UN climate panel chair: Paris agreement's 1.5-degree target "a big ask"
- Andrew Freedman, author of Axios Generate

Axios Visuals/Axios. Photo: Fabrice Coffrini/Getty Images
Jim Skea, the new chair of the influential U.N. climate science panel, has doubts about the world's ability to meet the Paris Agreement's most ambitious temperature goal, but wants to make it easier for governments to act.
The big picture: In an interview with Axios, Skea said policy makers are making it known that they need more actionable information, at a faster cadence, than what the Intergovernmental Panel on Climate Change (IPCC) has historically produced.
- "It's a little bit of an evolution for IPCC to do that, especially as we are required not to be policy prescriptive, but we have to be actionable," Skea said. "At the same time, that's a delicate tightrope to walk."
- For example, the next major assessment report is not slated to wrap up and be fully released until 2030, but countries face a 2028 deadline to update the global community on emissions cuts-to-date, and set new reduction targets.
- The Nobel Prize-winning body is made up of volunteer scientists from around the world. A major question the IPCC is facing is how much of the next report (or another science product) can be produced and handed to policy makers in time for their deadline.
Why it matters: The group Skea leads must work to improve its policy relevance without stepping over the line into telling leaders what to do, as extreme weather worldwide concentrates minds, and ramps up the urgency to address climate change's effects.
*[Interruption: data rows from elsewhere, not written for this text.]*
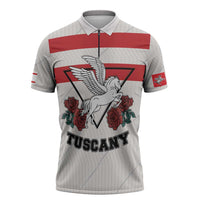 Italy Tuscany Zipper Polo Shirt Pegasus With Map Style - Wonder Print Shop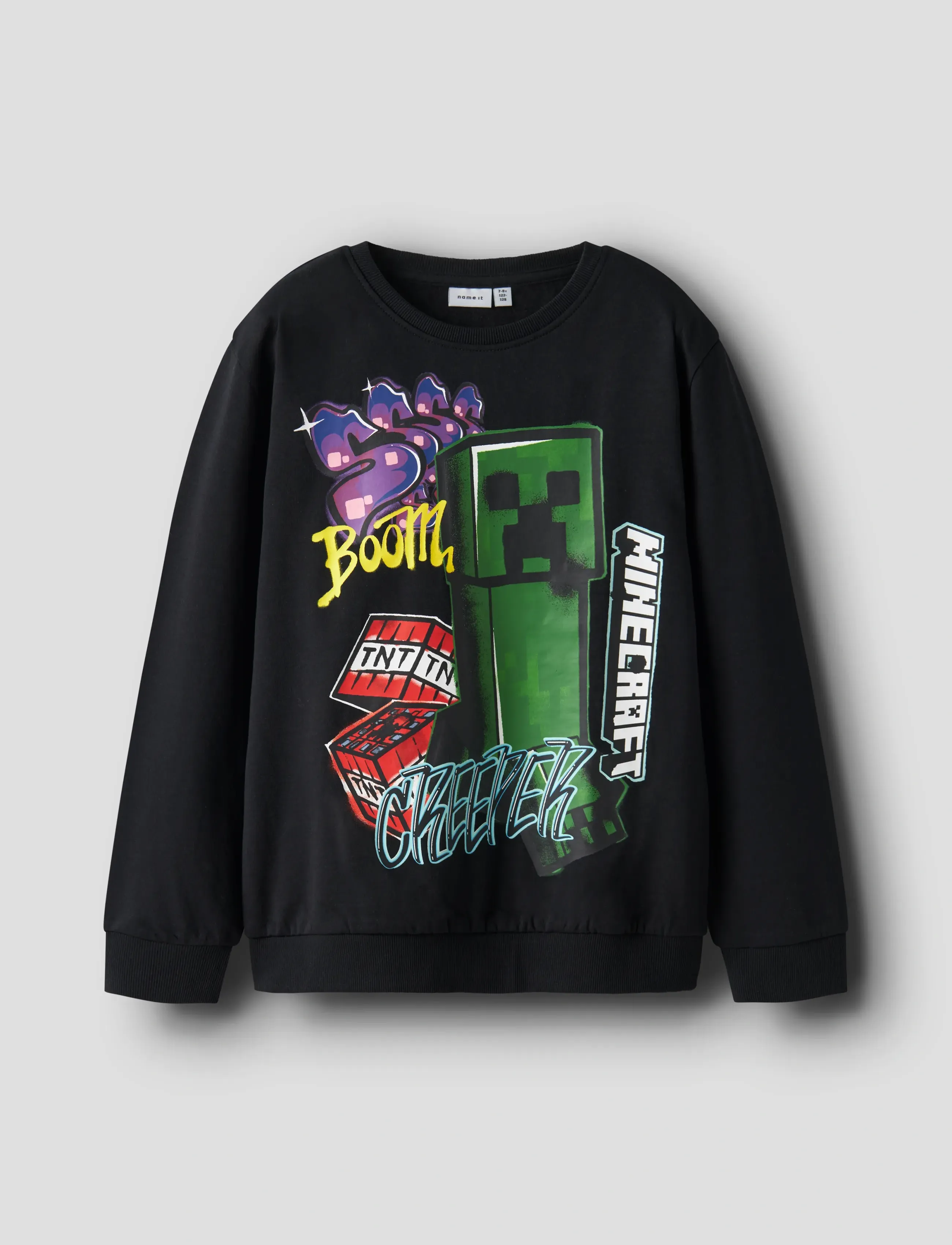 name it Nkmdai Minecraft Nreg Sweat Bru Noos Bfu, 116, Black, Sweatshirts & Hættetrøjer > Sweatshirts, Børn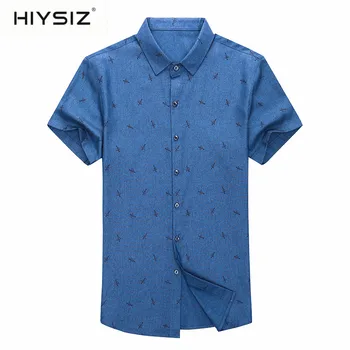 

HIYSIZ Slim Fit Shirt Men Business Casual Shirts Mens Korean Clothes Spring Summer Short Sleeve Camisa Social Masculina H6032S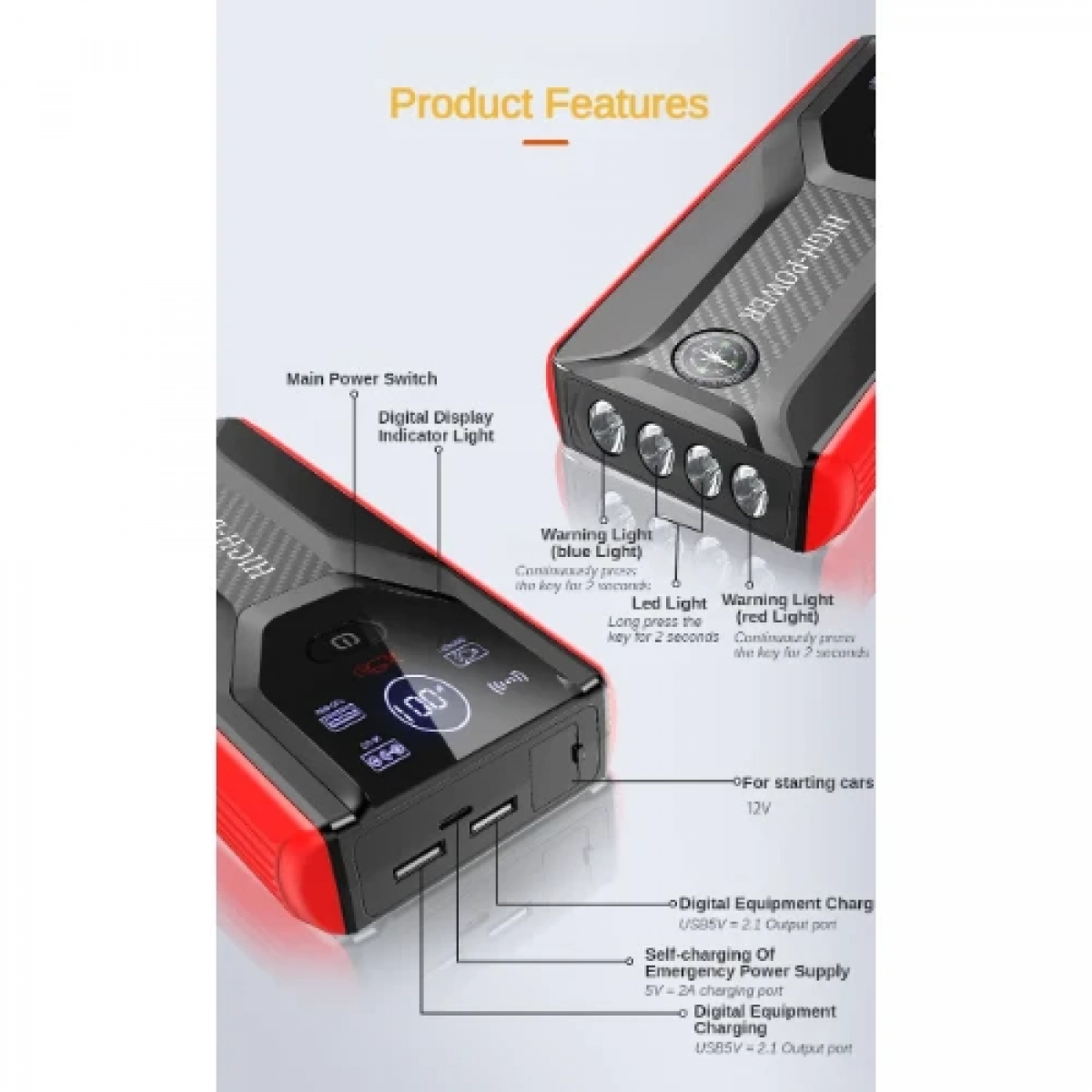Εκκινητής μπαταρίας αυτοκινήτου & Powerbank Andowl 15000mAh Q-D1090 μαύρο κόκκινο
Zoom in: Skea, a climate scientist at Imperial College London, said the first "Global Stocktake" will be a milestone moment at COP28 in Dubai in December. It will show how far the world has come toward meeting the goals of the Paris Agreement and ramp up pressure for countries to make new commitments.
- The panel has contributed research to the stocktake report, which is now in the hands of political leaders.
The intrigue: Skea did not sound optimistic about the odds of limiting global warming to 1.5°C (2.7°F) above pre-industrial levels, noting that it has been five years since the science panel produced a special report on the 1.5°C Paris target.
- That assessment laid out the stark reality that meeting the target would require sharp and rapid reductions in greenhouse gas emissions.
- The situation is even more daunting now, Skea said, given the continued upward emissions trajectory.
Skea pointed to the wording in the Paris Agreement to explain his thinking on the target. Low-lying small island states view exceeding the 1.5-degree bulwark as a potential death sentence, due to the sea level rise that such warming could trigger.
- "It's about pursuing efforts towards 1.5°C. It doesn't nail the 1.5 absolutely precisely there, and I would put a lot of weight on the pursuing efforts part of that, in that sense, 1.5 is still alive, because you can still pursue the efforts."
- "It is still possible in principle, but obviously it's a big, big ask."
Between the lines: With climate disasters and record-shattering temperatures making headlines this summer, Skea said climate change is rapidly becoming a present-day reality for people.
- "Just, say, 10 or 20 years ago, climate change was something for the future, something you were worried about for your children. Now you turn on your television set, or even look out the window, and it's something that's hitting you now, it's here and now," he said.
- "There's nothing we're seeing that kind of wasn't being predicted by the scientists at some point in the future. But it appears to be happening so much more quickly, that it's bringing the message home."
The bottom line: According to Skea, it remains to be seen how much people make connections between climate impacts and actions we can still take. The joint task is to adapt to some of climate change's effects, while preventing it from getting even more severe.
- "We actually have the agency to make a difference," Skea said.